The most effect can be generated in the contextual enhancement. Google is doing this on the Web with its Display Network. Something similar can be applied on the Internet behavior as well on the TV screen.
When people are surfing the Web, contextual ads that match the content an/or behavior of the user could enrich the experience without interrupting the primary objective of the user. Contextual advertising can be applied on both branding and transactional strategies.
Going beyond the ordinary
When it comes to monetisation of TV programming itself, many opportunities are yet to be grabbed by the company that understands best how to generate new revenue streams from Interactive TV.
The most recent innovative solution comes from Innovid, where we reported on this week:
The virtual items facilitated by Innovid are basically 3D objects that producers insert into videos post-production. They’re intended to look as realistic as possible so that they blend in with the real physical environment recorded by the video. And yet, they can’t go entirely unnoticed because users are encouraged to click and perform mouse gestures (or TV remote in the future?) with them to derive additional functionality (for example, to view a popup description about the particular item with links to external resources).
The most obvious use of these items would be to simply drop branded items into user generated content. If you’re looking to monetize your video, you could, for example, sign a deal with a beverage company and place their product on the table during an indoors scene. The virtual item representing the beverage could then respond to camera movements; when the camera moves around to the left, you also see the left side of the beverage appear. This is possible because the 3D object has been mapped to its calculated surroundings.But with Innovid’s object placement, you could also make it so that users who click on the beverage see a description of it and the stores in which it’s sold. Or you could allow the user to even move the beverage to another location within the video or have it perform a special effect when clicked on. Whatever the complexity, the object becomes a more effective advertisement through its interactivity.
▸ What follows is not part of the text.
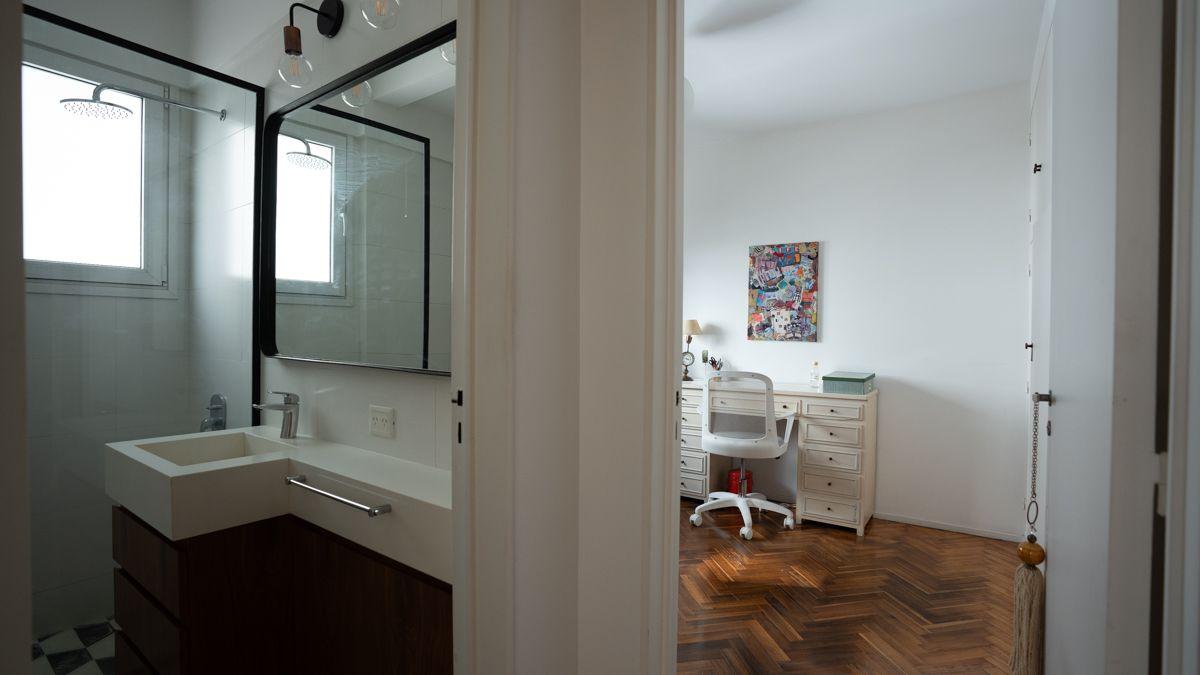 Departamento de 3 ambientes con cochera en French y Anchorena, Recoleta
Another article on AppMarket explains why Product Placement in TV apps will be big.
TiVo Chief Executive Tom Rogers hits the nail by saying:
"The old models, with the amount of commercial avoidance, just aren't going to hold up."
He refers to the Cable and TV networks haven't moved fast enough to
promote new formats.
Both parties have challenges. Cable and TV networks need to find new ways of monetisation fast, that is relevant for the new TV behavior.
In our coverage on Rovi's advertising service:
Analysts predict that Internet connected living room devices are expected to reach 540M users worldwide by 2014 and with the rapid convergence of the Internet and television, digital media advertising in the living room will become one of the fastest growing segments of the ad market.
Tech companies on the other hand need to examine current advertising and distribution models, to satisfy both the users as content providers in terms of experience and revenue.